When it comes to shirts and jackets, you should also layer up. Wear a light, breathable shirt for the base layer, and again, it should not be cotton! For the mid-layer, it would be a good idea to have it impregnated with insect-repellent attributes. Then, wear a hooded sun shirt on top. When you go fly fishing on a hot summer day, this might seem counterintuitive at first, but these special shirts that you can find in many fishing and outdoor stoors are not as thick and warm as the normal everyday hoodies. Rather, they protect you from being exposed to UV rays, which would be bad even on a clouded day since you will be out of doors for a long time. If you want to shield your face and neck from the sun or cold wind, a neck gaiter can also be a good idea. To guard yourself against all-day exposure to the sun a bit more, wearing a hat is also a necessity, as are sunglasses. Polarized sunglasses are especially useful, because they remove the reflective glare from all surfaces, so you will be able to see deeper into the water than you would with normal sunglasses.
When you are looking to buy waders, go for breathable ones rather than those made of neoprene.
When choosing your wading boots, look for boots that are comfortable and support your foot and ankle. The sole should have good traction both underwater and on land. Some wading boots also have interchangeable soles, so you can adapt them to the traction you need wherever you fish on a given day.

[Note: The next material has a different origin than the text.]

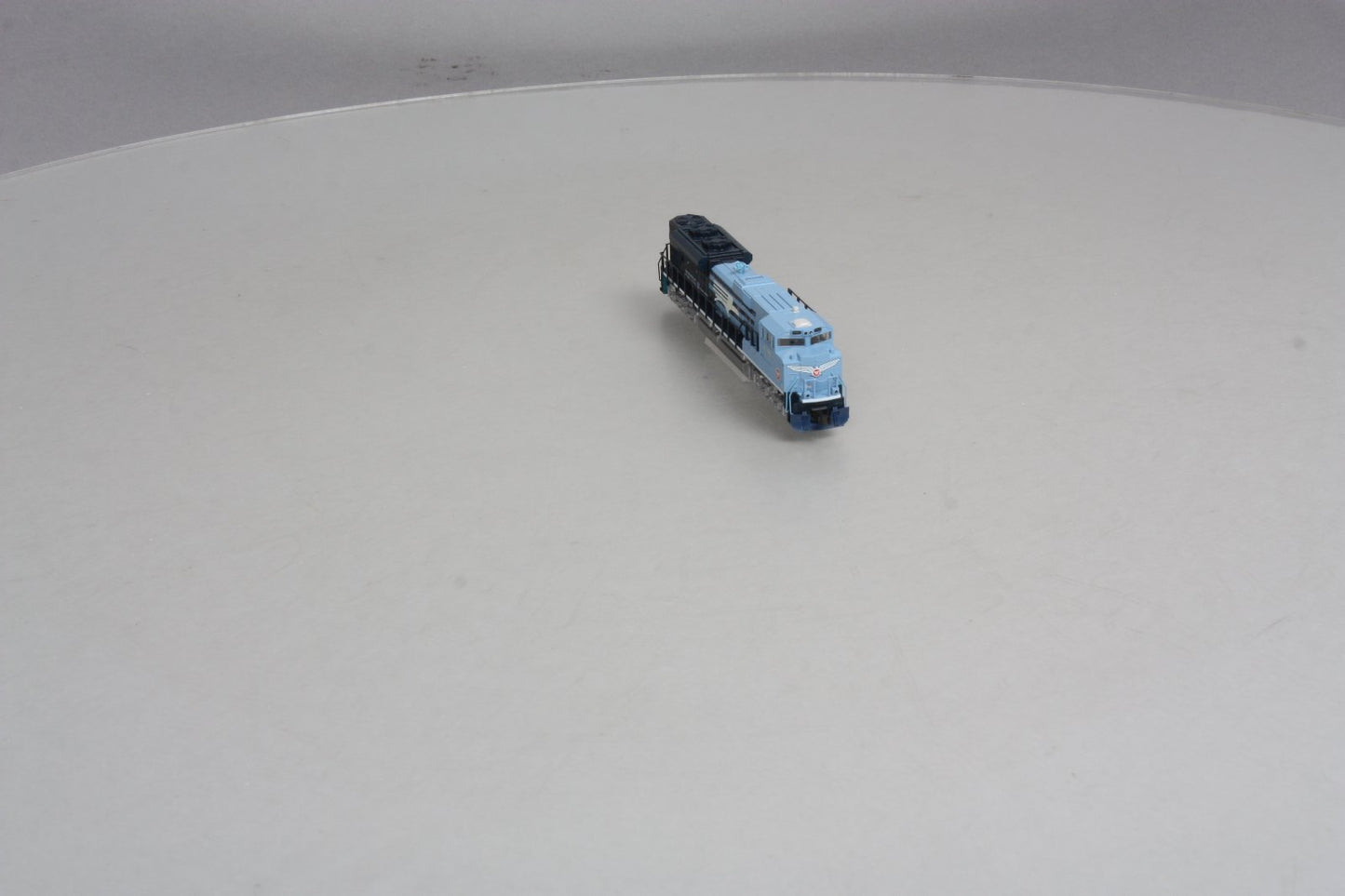Kato 176-8408 N Scale UP/Missouri Pacfic SD70ACe Powered Diesel Locomotive #1982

Even when a sunny day is promised, it is always a good idea to bring some rain-proof clothing, especially when you live in an area where drastic weather chances occur frequently
Lastly, you will need a fly fishing vest, pack, or lanyard to carry your supplies. Chose whatever feels comfortable to you and does not distract you from the main action - the fishing as such. While some people carry a big collection of flies, lines, and other supplies with them, others prefer keeping just some tried and true lures and nothing else.
There are many brands to provide you with these items of clothing. Dependable brands of fishing clothes are, for example, Simms, Cabela's, Patagonia, and Duluth Trading Company.

Once you have put a bit of thought into the location you want to begin your fly fishing adventure at, the fish you are gonna target, and the season you want to start, you can easily build up a core collection of fly fishing equipment. You will always be able to experiment with different lines and lures later on, but at the beginning, it is important to cover the basics and make your first experiences on the shore.